Web 2.0ブームで見直された「個人」の力
Web 2.0というバズワードのブームもピークを過ぎた感がありますが、Web 2.0とはなんだったのでしょうか?
Web 1.0と呼ばれた時代は、いかに自社のサイトに「ユーザを囲い込むか」という発想で、サイトを利用するユーザはまさしく「利用する人、お金を使う人」…、つまり消費者でした。
それに対してWeb 2.0とは、個人の情報発信が大きな影響力に発展する仕掛けをどう考えるか?というものでした。ユーザはサービスや情報を消費するだけでなく、新しい価値を生み出す存在です。場合によっては、お金の流れも生まれるところにWeb 2.0というキーワードがバズワードたるポイントがあったと言えます。
Web 1.0と呼ばれる時代から、人々はインターネットで積極的に情報を発信していました。掲示板やメーリングリストで情報交換を行い、日記で情報発信をして、夜行バスで遠距離のオフ会に参加する人がいたものです。
Web 2.0時代に変わったことは、個人の情報発信が、ビジネスに影響力を与えるようにインターネット環境が進化したということです。GoogleやYahoo!の検索エンジンを中心に、情報発信のプラットフォームとしてのブログやソーシャルブックマークなどのWebサービスができ、それらを支えるようにアフィリエイトやターゲット広告が企業とユーザを結び付ける役割を担っています。
インターネットに詳しいユーザが素で楽しんでいたことを、時代がサポートするように変化し、より多くの人がインターネットにメリットを見出せるようになったのがWeb 2.0時代の特徴と言えます。
もしWeb 2.0という言葉が廃れても「個人の情報発信」が新しい流れを作るというインターネットの基本はまったく変わることはないでしょう。技術の進歩やノウハウの蓄積によりデバイスが情報発信を肩代わりしたり、より素敵な仕掛けが出てきたりするだけのことです。
個人の情報発信をクリエイティブにサポート
私が所属する株式会社paperboy&co.(以下、ペパボ)は、クリエイティブにインターネットを楽しむためのサービスを提供しています。
その中の1つである「Color Me Shop! pro」は、低価格で誰でも簡単にオンラインショップを作ることができるASPサービスです。

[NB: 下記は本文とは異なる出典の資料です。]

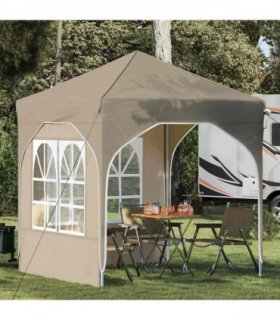 vidaXL Pop-up Party Tent 192 x 192 x 245 cm Cream — Model: with 2 sidewalls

ペパボが大事にするクリエイティビティをECサイトで発揮できるようにと、CSS+XHTMLで構成されたデザインテンプレートは、CSSだけでなくHTMLに至るまでカスタマイズできる自由なデザイン性が魅力で、個人事業主に留まらず、企業にも数多く採用されています。
私は、ショッピングモール「カラメル」の担当として、ショップの集客を支援しています。情報発信者であるショップの情報をインターネットにアクセスする人に知ってもらい、商品が購入されることを目的として、毎日、継続的に改善を続けています。
変化は常に連続的です。
よくインターネットは変化が早いと言われます。しかし、インターネットの基本的な考え方である個人の情報発信によってもたらされる力の存在は、Web 1.0と呼ばれたころも、Web 2.0と呼ばれる今も、そして、きっと今後も変わりません。
インターネットにおける「変化」とは、技術やノウハウの進化で情報発信、情報共有の手段が進歩していき、社会へ与える影響がどんどん大きくなっていくことだと考えています。
それまでインターネットに触る機会のなかった人たちが、あたりまえのようにインターネットを使うようになっていき、いろいろな形の喜びを見つけていく、そんなところが一番重要だと考えています。
インターネット上のこのサービスは2.0的であるとか、これは2.0ではないとか、そういうことではなく、Webサイトを利用するユーザに情報発信の喜びを知ってもらうことへの追求を2007年も引き続きやっていきます。
なお、この文章を書くにあたって、株式会社アークウェブの中野さんが執筆された『Web屋の本―Web 2.0、ビジネスサイト2.0、Web屋2.0』を読み返しました。今の時代をうまく切り取っていておもしろいです。もし見ていない人がいたら、今からでも全然遅くないので読んでみてください。